* **Data extracts**:
┄┄┄┄┄┄┄┄┄┄┄┄┄┄┄┄┄┄┄┄

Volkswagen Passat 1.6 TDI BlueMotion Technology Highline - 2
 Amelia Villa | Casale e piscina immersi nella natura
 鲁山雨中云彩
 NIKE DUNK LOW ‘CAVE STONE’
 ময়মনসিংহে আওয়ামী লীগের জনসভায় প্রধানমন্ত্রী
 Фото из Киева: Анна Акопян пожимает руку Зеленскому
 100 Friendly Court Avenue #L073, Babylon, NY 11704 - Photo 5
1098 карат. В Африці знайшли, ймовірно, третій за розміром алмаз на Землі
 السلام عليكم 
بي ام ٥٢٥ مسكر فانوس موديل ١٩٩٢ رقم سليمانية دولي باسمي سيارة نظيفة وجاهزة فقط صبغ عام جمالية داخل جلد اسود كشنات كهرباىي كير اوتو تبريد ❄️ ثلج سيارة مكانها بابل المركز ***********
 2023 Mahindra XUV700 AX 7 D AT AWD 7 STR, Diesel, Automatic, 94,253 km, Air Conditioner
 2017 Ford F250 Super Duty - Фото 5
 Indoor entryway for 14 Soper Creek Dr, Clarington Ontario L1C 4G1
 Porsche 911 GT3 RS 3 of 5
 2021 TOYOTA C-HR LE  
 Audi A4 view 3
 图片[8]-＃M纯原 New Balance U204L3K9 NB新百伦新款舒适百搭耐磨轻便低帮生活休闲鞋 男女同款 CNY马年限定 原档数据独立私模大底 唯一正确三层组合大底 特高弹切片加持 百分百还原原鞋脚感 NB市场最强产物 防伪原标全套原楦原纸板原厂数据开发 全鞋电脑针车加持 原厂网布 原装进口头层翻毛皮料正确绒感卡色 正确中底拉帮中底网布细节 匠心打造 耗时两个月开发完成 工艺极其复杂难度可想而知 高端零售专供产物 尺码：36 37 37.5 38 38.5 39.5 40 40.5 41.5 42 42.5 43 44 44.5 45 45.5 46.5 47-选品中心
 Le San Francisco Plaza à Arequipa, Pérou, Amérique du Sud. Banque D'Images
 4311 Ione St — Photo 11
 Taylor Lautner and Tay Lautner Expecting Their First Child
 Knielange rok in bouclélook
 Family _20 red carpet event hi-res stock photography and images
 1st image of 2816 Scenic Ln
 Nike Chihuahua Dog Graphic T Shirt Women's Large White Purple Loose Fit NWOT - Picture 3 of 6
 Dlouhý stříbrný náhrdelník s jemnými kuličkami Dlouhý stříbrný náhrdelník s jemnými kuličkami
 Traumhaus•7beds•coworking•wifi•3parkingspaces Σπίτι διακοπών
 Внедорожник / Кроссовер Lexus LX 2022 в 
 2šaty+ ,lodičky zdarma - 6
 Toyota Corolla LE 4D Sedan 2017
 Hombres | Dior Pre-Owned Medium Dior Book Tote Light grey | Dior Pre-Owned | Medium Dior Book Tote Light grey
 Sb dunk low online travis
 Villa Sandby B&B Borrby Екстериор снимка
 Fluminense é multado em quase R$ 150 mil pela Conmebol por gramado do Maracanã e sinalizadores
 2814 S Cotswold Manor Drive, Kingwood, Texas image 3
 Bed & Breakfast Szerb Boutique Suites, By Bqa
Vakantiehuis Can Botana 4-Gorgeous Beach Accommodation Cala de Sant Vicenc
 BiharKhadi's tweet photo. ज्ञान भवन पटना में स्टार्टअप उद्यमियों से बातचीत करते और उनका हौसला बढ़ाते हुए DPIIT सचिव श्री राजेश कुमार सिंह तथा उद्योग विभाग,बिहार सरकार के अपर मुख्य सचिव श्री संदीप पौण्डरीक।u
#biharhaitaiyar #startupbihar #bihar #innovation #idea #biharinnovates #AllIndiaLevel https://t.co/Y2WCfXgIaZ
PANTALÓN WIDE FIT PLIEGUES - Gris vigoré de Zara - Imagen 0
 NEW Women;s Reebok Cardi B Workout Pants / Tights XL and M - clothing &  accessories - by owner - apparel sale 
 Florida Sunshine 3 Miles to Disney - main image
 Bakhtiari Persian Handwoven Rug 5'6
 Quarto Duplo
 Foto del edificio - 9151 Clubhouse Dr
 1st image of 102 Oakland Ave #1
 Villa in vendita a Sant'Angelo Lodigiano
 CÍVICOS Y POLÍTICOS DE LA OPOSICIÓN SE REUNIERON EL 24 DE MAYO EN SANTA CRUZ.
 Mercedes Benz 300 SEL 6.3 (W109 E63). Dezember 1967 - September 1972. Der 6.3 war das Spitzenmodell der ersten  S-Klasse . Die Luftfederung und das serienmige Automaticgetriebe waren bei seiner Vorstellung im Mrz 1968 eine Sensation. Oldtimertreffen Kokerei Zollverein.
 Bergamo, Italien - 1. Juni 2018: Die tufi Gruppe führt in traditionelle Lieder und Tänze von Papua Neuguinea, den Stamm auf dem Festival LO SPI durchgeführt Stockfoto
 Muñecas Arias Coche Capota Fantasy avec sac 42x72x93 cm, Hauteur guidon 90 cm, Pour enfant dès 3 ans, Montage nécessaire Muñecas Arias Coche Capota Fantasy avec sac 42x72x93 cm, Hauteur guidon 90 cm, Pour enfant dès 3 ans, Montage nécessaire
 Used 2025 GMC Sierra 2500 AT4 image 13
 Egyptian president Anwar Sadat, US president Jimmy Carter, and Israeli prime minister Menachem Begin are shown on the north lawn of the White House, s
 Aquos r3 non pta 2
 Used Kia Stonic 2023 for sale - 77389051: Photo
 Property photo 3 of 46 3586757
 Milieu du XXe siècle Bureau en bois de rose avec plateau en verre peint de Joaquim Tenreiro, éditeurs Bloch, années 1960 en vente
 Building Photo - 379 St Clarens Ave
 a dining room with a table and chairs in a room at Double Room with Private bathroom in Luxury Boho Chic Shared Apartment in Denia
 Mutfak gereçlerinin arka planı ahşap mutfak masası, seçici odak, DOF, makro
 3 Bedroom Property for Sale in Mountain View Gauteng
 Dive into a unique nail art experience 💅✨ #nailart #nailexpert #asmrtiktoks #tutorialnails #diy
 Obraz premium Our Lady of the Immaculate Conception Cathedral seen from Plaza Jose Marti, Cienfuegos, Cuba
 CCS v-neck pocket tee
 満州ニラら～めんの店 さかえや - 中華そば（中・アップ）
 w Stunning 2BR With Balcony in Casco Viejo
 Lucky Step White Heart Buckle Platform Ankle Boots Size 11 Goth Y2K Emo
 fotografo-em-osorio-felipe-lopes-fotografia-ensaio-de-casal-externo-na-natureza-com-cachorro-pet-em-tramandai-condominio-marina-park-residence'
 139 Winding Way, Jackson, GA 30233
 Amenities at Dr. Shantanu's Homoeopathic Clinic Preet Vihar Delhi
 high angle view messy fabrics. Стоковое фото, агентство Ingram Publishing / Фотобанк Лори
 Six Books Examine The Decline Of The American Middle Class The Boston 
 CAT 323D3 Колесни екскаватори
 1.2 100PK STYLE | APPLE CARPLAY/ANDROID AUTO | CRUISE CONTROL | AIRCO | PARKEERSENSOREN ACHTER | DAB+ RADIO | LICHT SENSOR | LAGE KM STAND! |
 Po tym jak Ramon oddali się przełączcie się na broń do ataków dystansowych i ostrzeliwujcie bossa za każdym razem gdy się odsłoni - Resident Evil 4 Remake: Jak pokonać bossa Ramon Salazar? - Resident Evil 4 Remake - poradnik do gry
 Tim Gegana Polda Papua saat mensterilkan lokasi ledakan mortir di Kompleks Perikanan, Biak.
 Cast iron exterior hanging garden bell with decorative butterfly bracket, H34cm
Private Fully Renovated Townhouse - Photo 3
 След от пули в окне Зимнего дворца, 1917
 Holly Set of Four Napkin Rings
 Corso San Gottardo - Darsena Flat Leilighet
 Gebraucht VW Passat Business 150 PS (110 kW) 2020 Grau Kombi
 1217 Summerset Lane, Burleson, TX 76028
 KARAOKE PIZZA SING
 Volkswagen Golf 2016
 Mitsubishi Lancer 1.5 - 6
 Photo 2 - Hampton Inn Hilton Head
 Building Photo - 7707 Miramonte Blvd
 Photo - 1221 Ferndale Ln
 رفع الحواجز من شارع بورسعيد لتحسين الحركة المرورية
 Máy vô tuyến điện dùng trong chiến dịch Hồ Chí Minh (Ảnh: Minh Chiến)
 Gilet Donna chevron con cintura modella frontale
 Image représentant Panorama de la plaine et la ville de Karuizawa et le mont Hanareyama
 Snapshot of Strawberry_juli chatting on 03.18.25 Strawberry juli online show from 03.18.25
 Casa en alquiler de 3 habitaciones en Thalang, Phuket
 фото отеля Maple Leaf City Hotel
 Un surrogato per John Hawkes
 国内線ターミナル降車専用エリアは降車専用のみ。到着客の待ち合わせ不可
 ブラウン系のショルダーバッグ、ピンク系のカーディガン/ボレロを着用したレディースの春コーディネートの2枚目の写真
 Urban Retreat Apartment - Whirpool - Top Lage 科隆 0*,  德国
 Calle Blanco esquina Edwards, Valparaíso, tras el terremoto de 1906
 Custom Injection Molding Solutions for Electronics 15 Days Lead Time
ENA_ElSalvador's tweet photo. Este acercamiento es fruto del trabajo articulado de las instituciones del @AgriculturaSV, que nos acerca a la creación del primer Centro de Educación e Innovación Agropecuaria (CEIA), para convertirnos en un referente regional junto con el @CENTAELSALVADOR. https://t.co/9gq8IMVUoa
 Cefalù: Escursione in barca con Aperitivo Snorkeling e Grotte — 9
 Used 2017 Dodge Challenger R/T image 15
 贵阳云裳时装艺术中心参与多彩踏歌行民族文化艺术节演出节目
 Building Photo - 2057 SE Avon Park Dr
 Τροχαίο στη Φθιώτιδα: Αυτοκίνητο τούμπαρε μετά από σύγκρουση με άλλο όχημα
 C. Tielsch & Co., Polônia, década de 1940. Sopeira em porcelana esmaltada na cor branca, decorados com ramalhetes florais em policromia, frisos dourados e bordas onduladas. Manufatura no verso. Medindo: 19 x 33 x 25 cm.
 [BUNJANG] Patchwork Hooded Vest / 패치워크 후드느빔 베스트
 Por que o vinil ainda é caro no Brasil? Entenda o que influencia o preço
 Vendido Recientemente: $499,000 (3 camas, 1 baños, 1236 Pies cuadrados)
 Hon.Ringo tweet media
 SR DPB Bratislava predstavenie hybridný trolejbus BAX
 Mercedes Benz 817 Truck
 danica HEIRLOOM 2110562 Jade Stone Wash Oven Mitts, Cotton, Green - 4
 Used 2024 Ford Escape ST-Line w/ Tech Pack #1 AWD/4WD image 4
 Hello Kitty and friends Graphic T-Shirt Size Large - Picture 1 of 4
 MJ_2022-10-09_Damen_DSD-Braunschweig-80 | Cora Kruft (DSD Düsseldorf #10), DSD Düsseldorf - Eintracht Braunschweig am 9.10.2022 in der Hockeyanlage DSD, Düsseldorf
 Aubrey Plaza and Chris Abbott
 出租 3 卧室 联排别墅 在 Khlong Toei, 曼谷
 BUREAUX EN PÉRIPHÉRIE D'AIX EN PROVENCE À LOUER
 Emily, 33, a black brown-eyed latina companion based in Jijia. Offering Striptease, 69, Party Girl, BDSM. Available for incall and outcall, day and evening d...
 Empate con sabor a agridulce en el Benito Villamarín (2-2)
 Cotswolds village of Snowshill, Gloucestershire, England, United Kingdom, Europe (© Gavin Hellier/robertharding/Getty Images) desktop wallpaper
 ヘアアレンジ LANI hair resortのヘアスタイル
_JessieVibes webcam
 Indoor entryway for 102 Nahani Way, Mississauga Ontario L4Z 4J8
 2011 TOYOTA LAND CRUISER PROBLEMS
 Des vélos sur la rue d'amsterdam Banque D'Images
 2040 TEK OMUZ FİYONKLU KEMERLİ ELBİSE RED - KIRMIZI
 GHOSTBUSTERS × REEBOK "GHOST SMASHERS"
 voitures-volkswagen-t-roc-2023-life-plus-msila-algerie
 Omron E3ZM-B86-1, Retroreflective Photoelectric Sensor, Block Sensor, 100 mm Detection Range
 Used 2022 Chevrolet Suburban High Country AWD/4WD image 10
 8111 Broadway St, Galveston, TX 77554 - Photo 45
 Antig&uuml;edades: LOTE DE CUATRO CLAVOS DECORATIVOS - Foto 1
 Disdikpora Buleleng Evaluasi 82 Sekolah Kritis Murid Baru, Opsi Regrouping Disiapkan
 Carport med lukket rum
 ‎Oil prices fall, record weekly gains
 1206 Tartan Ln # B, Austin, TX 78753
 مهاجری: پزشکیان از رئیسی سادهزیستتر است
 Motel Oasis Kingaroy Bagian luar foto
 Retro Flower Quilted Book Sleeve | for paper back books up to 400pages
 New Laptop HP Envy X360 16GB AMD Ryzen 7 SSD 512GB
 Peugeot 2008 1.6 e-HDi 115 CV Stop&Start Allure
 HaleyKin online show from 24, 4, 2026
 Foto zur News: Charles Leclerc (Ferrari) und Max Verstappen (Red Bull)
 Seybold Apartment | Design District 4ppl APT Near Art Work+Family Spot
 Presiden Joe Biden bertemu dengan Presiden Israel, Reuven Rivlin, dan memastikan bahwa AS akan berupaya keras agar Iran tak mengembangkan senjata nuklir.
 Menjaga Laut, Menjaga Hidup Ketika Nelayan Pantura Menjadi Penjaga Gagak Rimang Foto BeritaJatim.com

┄┄┄┄┄┄┄┄┄┄┄┄┄┄┄┄┄┄┄┄

* **What the task asks**:
Please give an exact restatement of only the lines from the beginning of the material above to the line with "1st image of 2816 Scenic Ln", inclusive.

* **Solution for this task**:
Volkswagen Passat 1.6 TDI BlueMotion Technology Highline - 2
 Amelia Villa | Casale e piscina immersi nella natura
 鲁山雨中云彩
 NIKE DUNK LOW ‘CAVE STONE’
 ময়মনসিংহে আওয়ামী লীগের জনসভায় প্রধানমন্ত্রী
 Фото из Киева: Анна Акопян пожимает руку Зеленскому
 100 Friendly Court Avenue #L073, Babylon, NY 11704 - Photo 5
1098 карат. В Африці знайшли, ймовірно, третій за розміром алмаз на Землі
 السلام عليكم 
بي ام ٥٢٥ مسكر فانوس موديل ١٩٩٢ رقم سليمانية دولي باسمي سيارة نظيفة وجاهزة فقط صبغ عام جمالية داخل جلد اسود كشنات كهرباىي كير اوتو تبريد ❄️ ثلج سيارة مكانها بابل المركز ***********
 2023 Mahindra XUV700 AX 7 D AT AWD 7 STR, Diesel, Automatic, 94,253 km, Air Conditioner
 2017 Ford F250 Super Duty - Фото 5
 Indoor entryway for 14 Soper Creek Dr, Clarington Ontario L1C 4G1
 Porsche 911 GT3 RS 3 of 5
 2021 TOYOTA C-HR LE  
 Audi A4 view 3
 图片[8]-＃M纯原 New Balance U204L3K9 NB新百伦新款舒适百搭耐磨轻便低帮生活休闲鞋 男女同款 CNY马年限定 原档数据独立私模大底 唯一正确三层组合大底 特高弹切片加持 百分百还原原鞋脚感 NB市场最强产物 防伪原标全套原楦原纸板原厂数据开发 全鞋电脑针车加持 原厂网布 原装进口头层翻毛皮料正确绒感卡色 正确中底拉帮中底网布细节 匠心打造 耗时两个月开发完成 工艺极其复杂难度可想而知 高端零售专供产物 尺码：36 37 37.5 38 38.5 39.5 40 40.5 41.5 42 42.5 43 44 44.5 45 45.5 46.5 47-选品中心
 Le San Francisco Plaza à Arequipa, Pérou, Amérique du Sud. Banque D'Images
 4311 Ione St — Photo 11
 Taylor Lautner and Tay Lautner Expecting Their First Child
 Knielange rok in bouclélook
 Family _20 red carpet event hi-res stock photography and images
 1st image of 2816 Scenic Ln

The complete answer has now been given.